Our team has been developing and hosting secure online applications since 1996. We use our knowledge and experience to design security and reliability into everything we do.
Physical Security At Hosting Facility
- Only authorized personnel are admitted. Entrance to the facility requires access through two doors; the first requires an access card only, and the second requires both an access card and a biometric hand reader.
- The facility has manned security staff on-site 24/7 to monitor all access.
- There are security cameras covering the entire facility.
- Our equipment is in a private cabinet within the data center accessible only by our staff and authorized data center personnel.
Environmental Controls At Hosting Facility
- Higher than normal raised floor (30 inches) for unimpeded air flow and extra protection against potential water damage.
- Redundant HVAC systems.
- Redundant power system (UPS Generator).
Fire Suppression Controls At Hosting Facility
- VESDA system in place to detect potential fires before flame or smoke.
- Dry-pipe fire suppression system.
- True grounding throughout the data center delivered to each cabinet.
Remote Server Management
- Our remote server monitoring system operates 24/7/365 to make sure our servers are online. If one of our servers goes down for any reason, one of our technicians will be notified via pager.
- We maintain rolling incremental backups at the hosting facility storing each backup for 14 days.
- We maintain full database daily backups off-site stored for at least two years.
Online System Access Security
- We provide your company with a login and password for your Top Level Administrator(s).
- Your Top Level Administrator(s) provides each of your users with a login and password.
- All online system access is limited to users with assigned logins and passwords.
- All users of an Aladtec online employee scheduling system are encouraged to protect the privacy of their passwords and to change their passwords periodically.
- All online system access requires login and password authentication over our 256 bit SSL (Secure Socket Layer) connection.
- Automation protection is in place to prevent brute force and dictionary attacks from guessing passwords.

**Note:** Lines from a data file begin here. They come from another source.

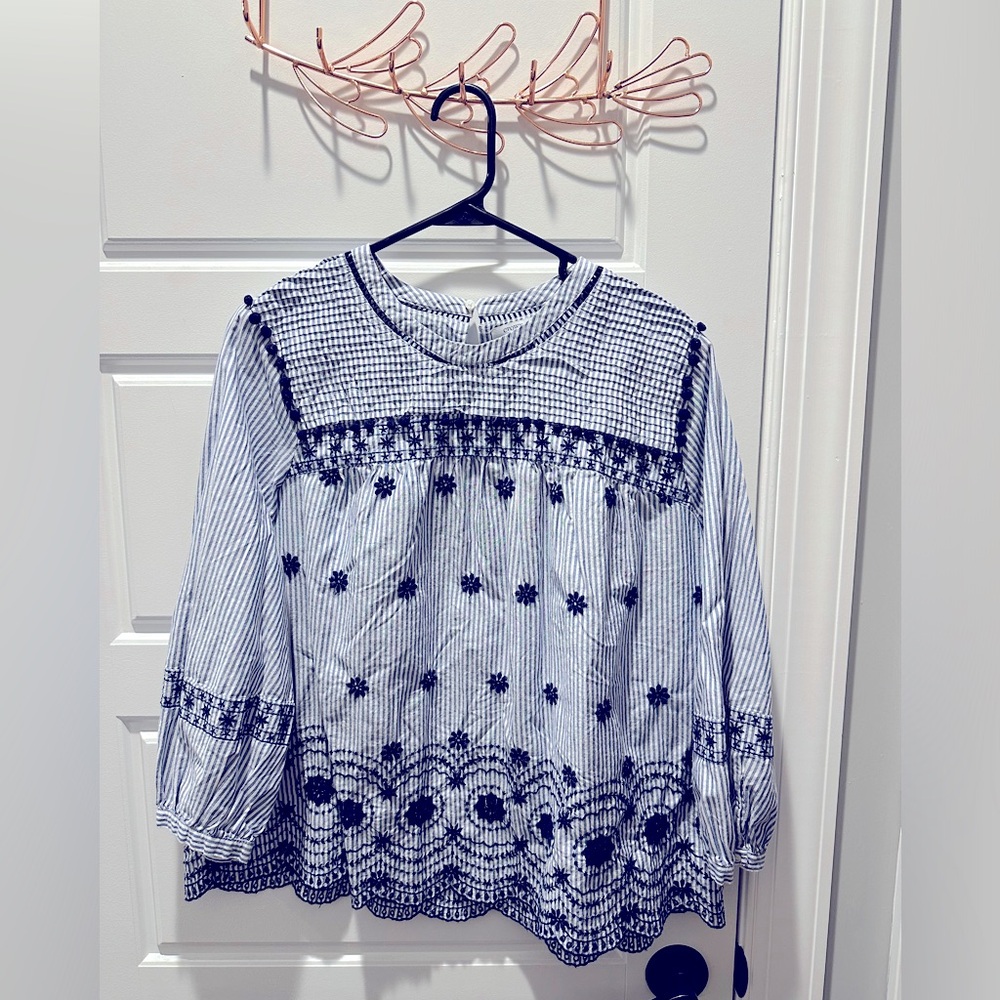 Crown and Ivy XL Embroidered Blouse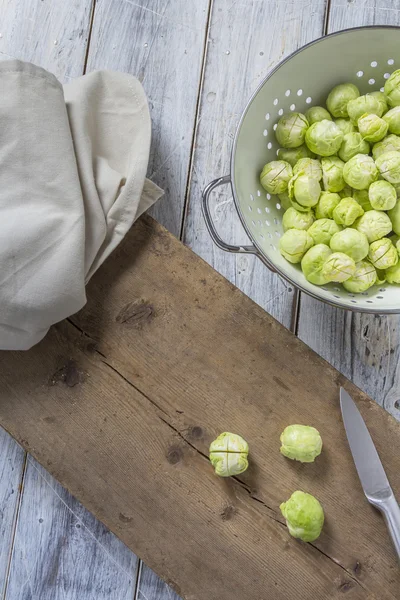 Choux de Bruxelles dans un tamis sur une table — Photo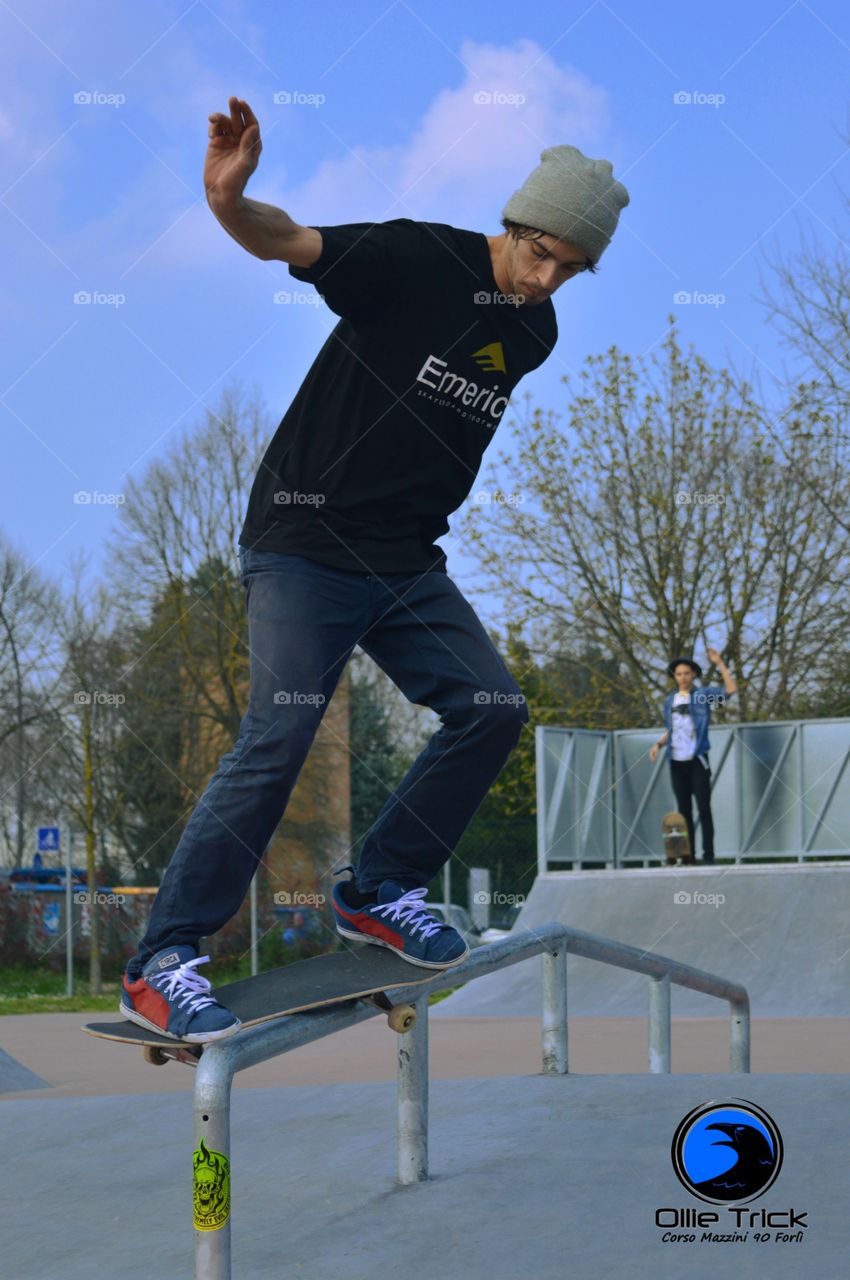 Man in the skate make a OLLIE 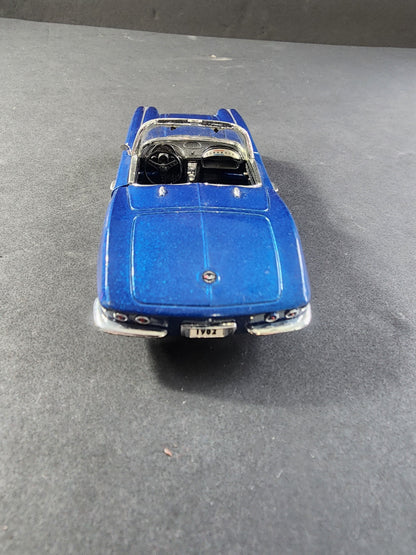 CHEVROLET CORVETTE 1962 CONVERTIBLE BLUE SS5750 1:32 Scale model car, friction action Tennessee Junk Trunk
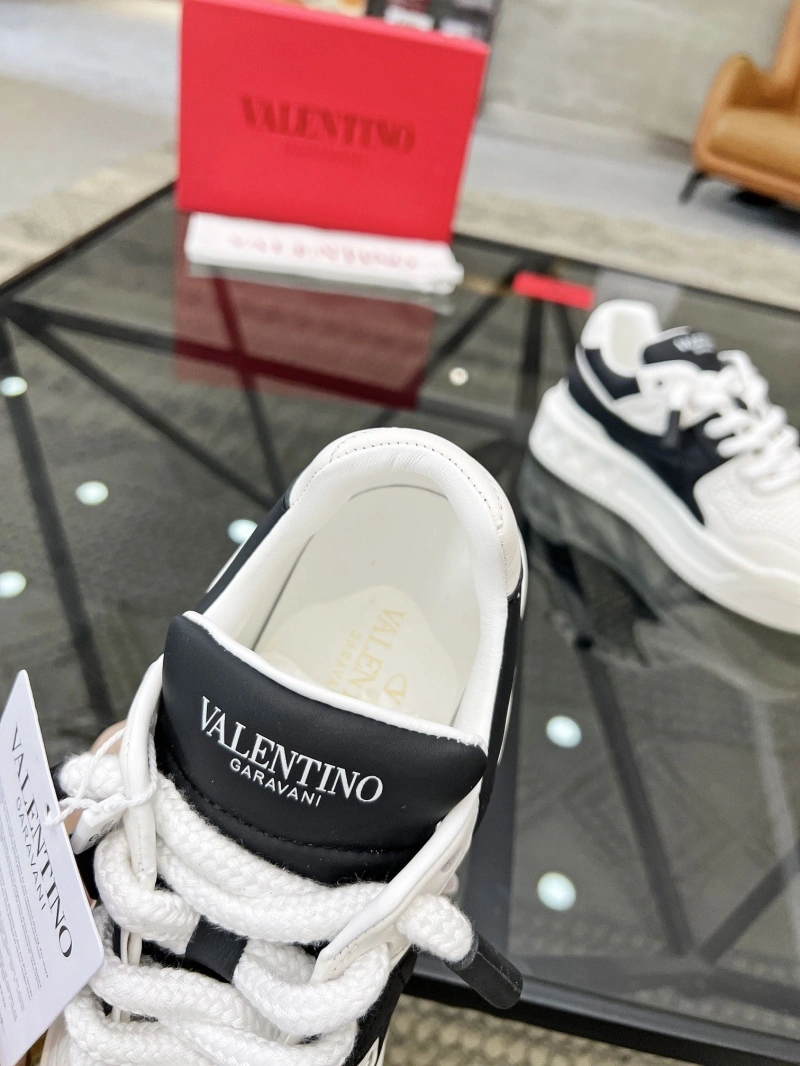 Classic Vxlxntino Sneakers 231545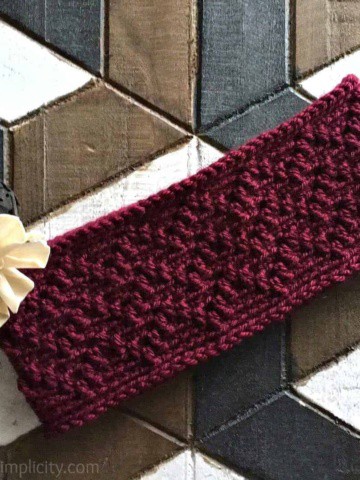 Free Crochet Patterns - Chevron Peaks Slouch & Ear Warmer by A Crocheted Simplicity #chevrons #crochetearwarmer #crochetslouch #crochethat #texturedcrochet #freecrochetpattern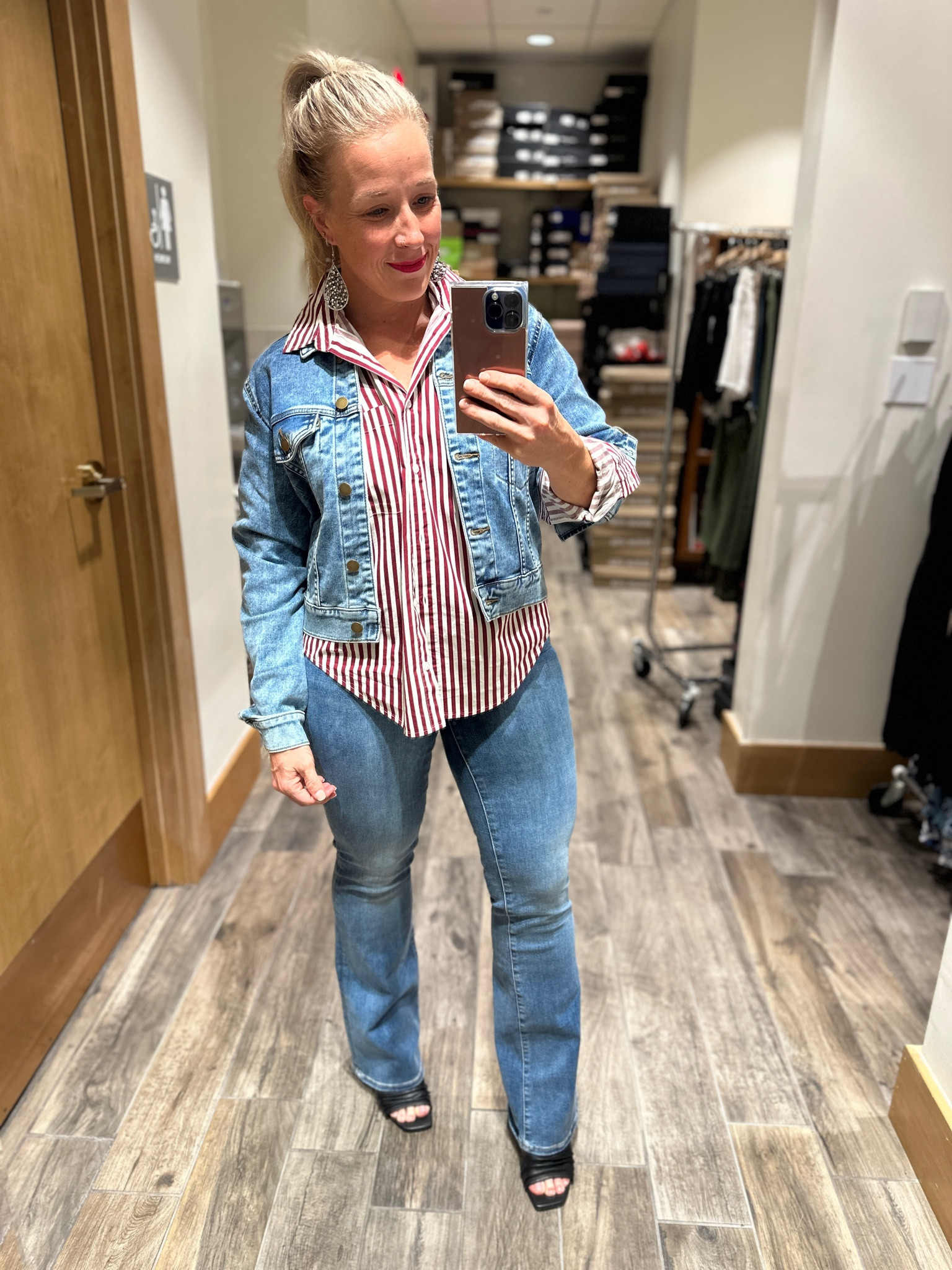 Helloooo layering! I’ve been looking for button downs that allow me to feel trendy but more tailored. 

While I love the look of this one, it’s an XS and was still loose. I usually layer in reverse - longest piece as the outer layer, but we flipped that this time with a cropped denim jacket.

Burgundy and white button down
Evereve
#hocwinter #hocsummer 
#houseofcolour #hoc #houseofcolourpflugerville #houseofcolourusa #coloranalysis #houseofcolouraustin 

#LTKstyletip #LTKunder100 #LTKSeasonal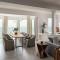 Serene 6000sf 8br-8ba Oceanfront Luxury Villa with 75' Frontage - إنسينيتاس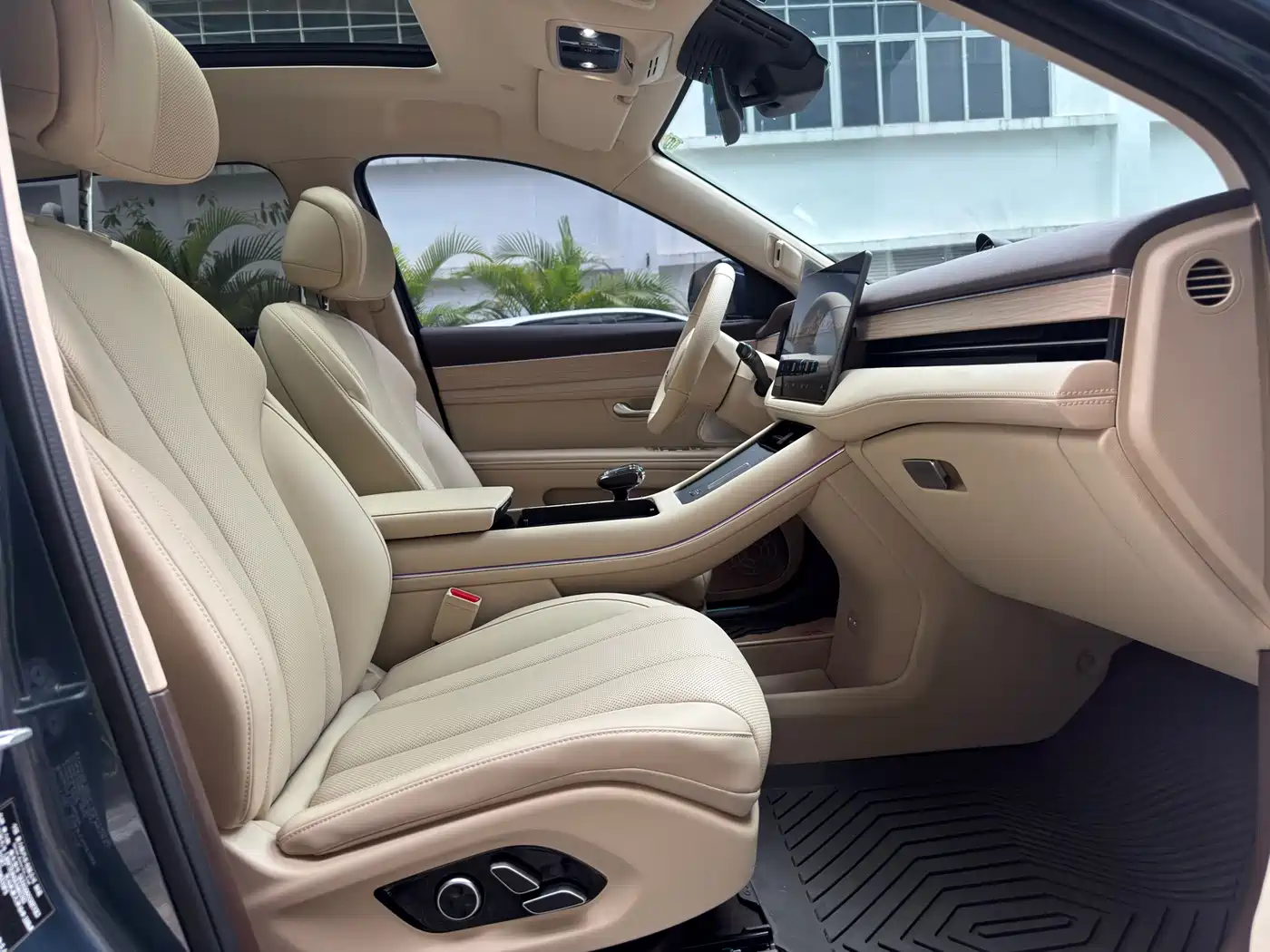 AITO Wenjie AITO M7 2024 1.5T Smart Drive RWD Ultra 5-seater фото 13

- The amount of information a user can view and/or edit is based on their Access Level, which are assigned within your system by system administrator(s).
Disaster Recovery Overview
We attempt to avoid disaster through quality software development and quality hosting. We make it a priority to be flexible and have systems in place so that, in the event of a disaster, a quick recovery can be made.
The key components of our disaster recovery plan are as follows:
- Maintain daily on-site AND off-site system backups.
- Utilize remote server monitoring to receive instant notice of server problems.
- Maintain a full-time server hosting team available 24/7/365 in case of emergency.
- Maintain a full-time software engineering team available 24/7/365 in case of emergency.
- Maintain enough server capacity so that if a single machine goes down, we have the option to move customer systems to other live hardware within the primary hosting facility.
- Maintain a relationship with a secondary hosting facility hundreds of miles away from the primary facility so in the case of a major facility failure (e.g. terrorism, natural disaster), new hardware can be brought online quickly.
- Utilize VCS (Version Control System) to aid in bug elimination AND to secure both production and development code at multiple locations.